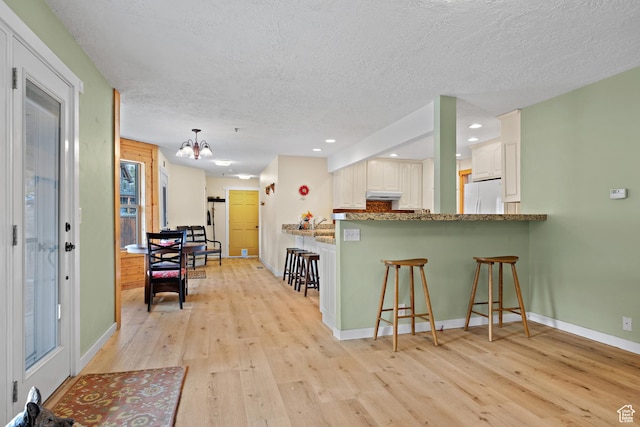 1762 S Hobblecreek Haven Rd, Springville, UT 84663 - kitchen featuring freestanding refrigerator, under cabinet range hood, a textured ceiling, light wood-style floors, and a kitchen breakfast bar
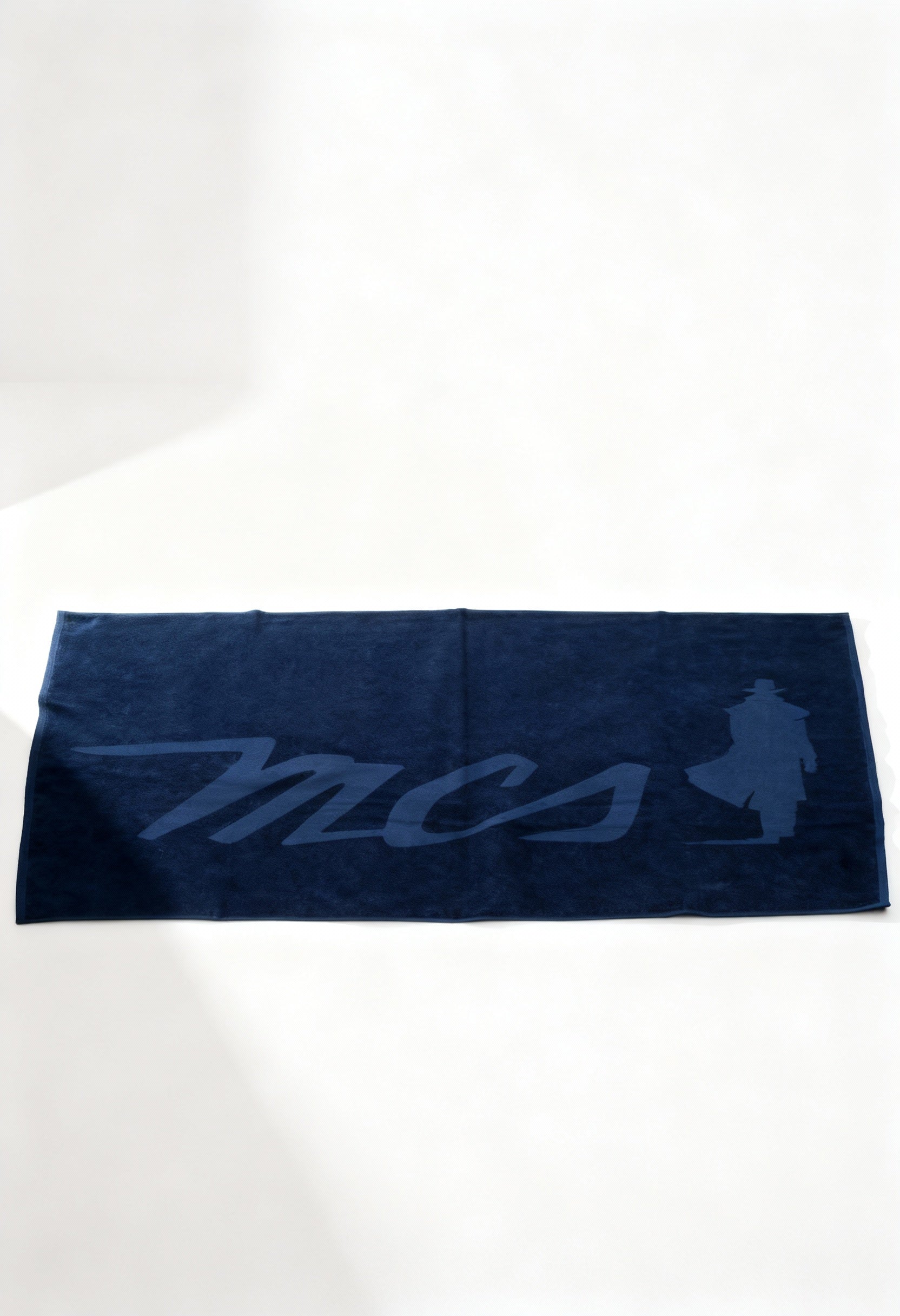 MCS 10BTL002 large cotton logo towel in navy blue, laid flat, visible logo.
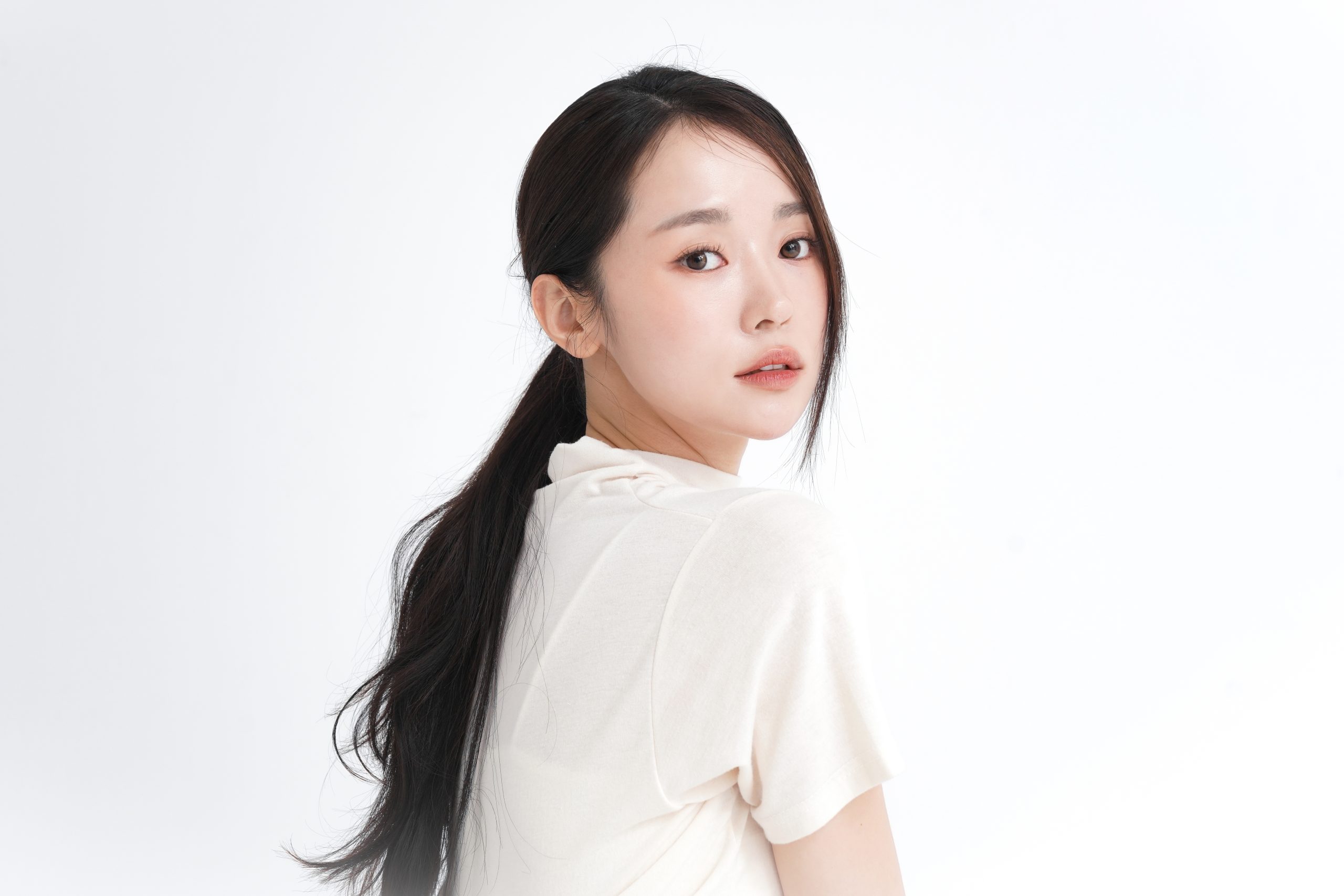 Young woman with clear glowing skin looking over shoulder against white background for peel & fill page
++++
Work order> Everything from the line with "MCS 10BTL002 large" through the last line of the listing above is to be copied exactly, both ends included, except the pictures.

Result for this task>
 MCS 10BTL002 large cotton logo towel in navy blue, laid flat, visible logo.
 Young woman with clear glowing skin looking over shoulder against white background for peel & fill page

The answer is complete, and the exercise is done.